Kalin told the BBC that however offensive that last demand might be to Zelenskyy, who is Jewish and lost family in the Holocaust, it might be enough for Ukraine to pledge to condemn neo-Nazis and crack down on some of its far-right nationalist groups to fulfill it.
Kalin said a second category of demands was more difficult for Ukraine, involving territorial compromise, but he did not specify them.
The head of the Russian delegation, Vladimir Medinsky, said in Moscow on Friday that on the issue of demilitarization, the two sides are "somewhere halfway," but did not disclose details.

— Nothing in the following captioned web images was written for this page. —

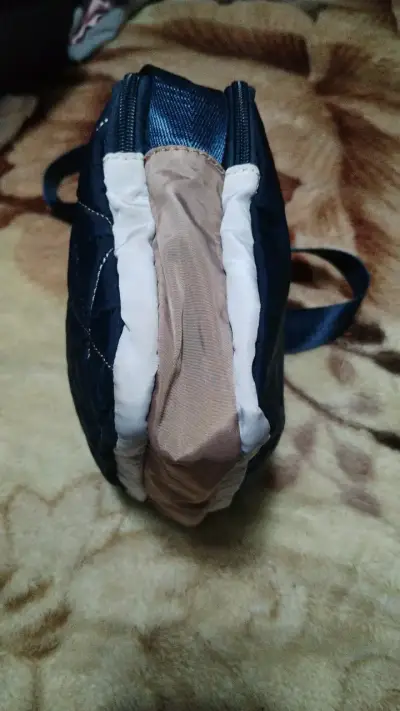 Bolso bandolera acolchado azul marino - miniatura 3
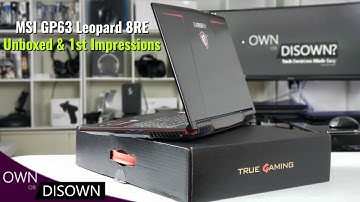 MSI GP63 Leopard 8RE- Unboxed & 1st Impressions (Full review to Follow)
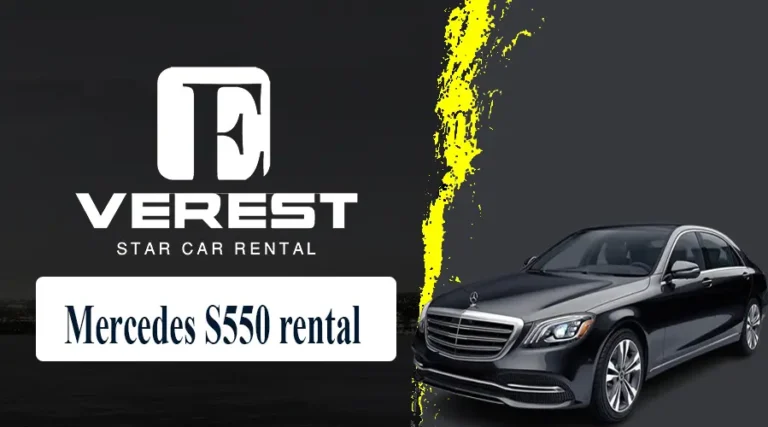 Mercedes S550 rental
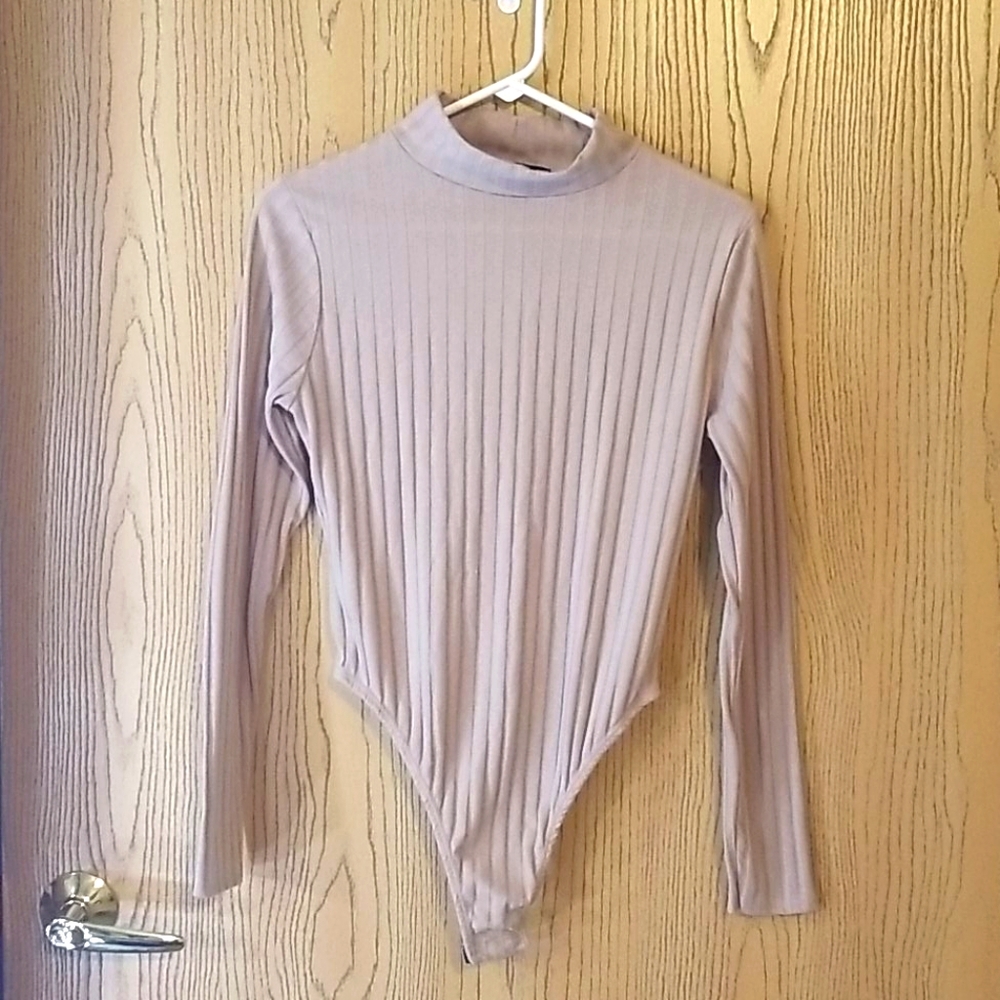 Long Sleeve Mock Neck Bodysuit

A senior Western diplomat, briefed on the talks, suggested that neutrality and giving up Crimea would be easier for Ukraine than Russia's other demands, like a further eastern partition and demilitarization. The diplomat confirmed that Putin appeared willing to talk to Zelenskyy, who seems to be trying to prepare Ukrainians for an eventual deal.
If accurate, Putin's willingness to talk to Zelenskyy, whose ouster he originally demanded, is a form of progress. That is also an acknowledgment that the current Russian team negotiating with Ukraine is low-ranking and has little authority to settle the most difficult issues. So peace appears a very long way away.